|
Jesús, el Hijo que nos ha sido dado, es el Príncipe de Paz (ver Isa. 9:6). “Él es nuestra paz” (Efe. 2:14). Siendo que Cristo es nuestra paz, no podemos tener paz en nosotros si no la recibimos de él. ¿Has acudido a Cristo en oración para pedirle que te dé esa paz, que haga de ti un pacificador dondequiera que vayas? ¿Estás dispuesto a cumplir esa misión?
Dios quiere que sus hijos seamos pacificadores porque este mundo vive inmerso en un conflicto global, en una terrible guerra entre el bien y el mal de la cual nadie se puede librar. ¿Dónde no hay necesidad de paz? ¿Dónde no se necesitan personas que pongan paz? Dondequiera que haya alguien que no conozca a Dios, ahí se necesita un pacificador que ayude a terminar con el conflicto que hay en esa alma, a erradicar la angustia, el temor y la inseguridad. Desde este punto de vista, ser un pacificador es ser un sembrador del amor de Dios en el terreno de cada corazón humano.

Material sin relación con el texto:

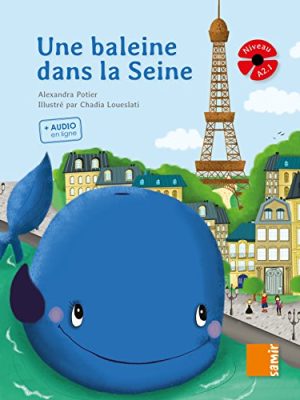 Coquelicot - Une baleine dans la Seine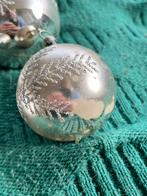 Vintage kerstballen, Ophalen, Gebruikt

Jesús les dijo a sus discípulos antes de irse: “La paz os dejo, mi paz os doy; yo no os la doy como el mundo la da. No se turbe vuestro corazón ni tenga miedo” (Juan 14:27). Con estas palabras, nos confirmó que una de las mayores evidencias de la ausencia de paz en la gente es la presencia del miedo. Es tan generalizada hoy esta realidad que se hace más esencial que nunca el llamado cristiano a ser agentes de paz mediante la extensión de la paz de Cristo. Esto no es fácil, porque convertirnos en pacificadores no significa que desaparecerán de pronto los conflictos o que a nuestro alrededor ya no habrá más guerra, sino que, en medio de las terribles situaciones que vivimos a causa de estar en un mundo en conflicto, nuestra presencia, nuestro ministerio y nuestra influencia traerán sosiego a la mente y el corazón de aquellos con quienes nos relacionamos, robándole el dominio al miedo. Lograr esto requiere ser firmes en Cristo, tener profundas creencias sobre nuestra misión, y fe para perseverar cuando parezca que la guerra se intensifica.
Si cada hijo de Dios escucha este llamado y pone en práctica esta bienaventuranza, el resultado será que la paz de Dios inundará las vidas de las personas y toda la Tierra será alumbrada con su gloria. Si prestamos atención a vivir de esta manera, nuestra paz será como un río (ver Isa. 48:18, NVI).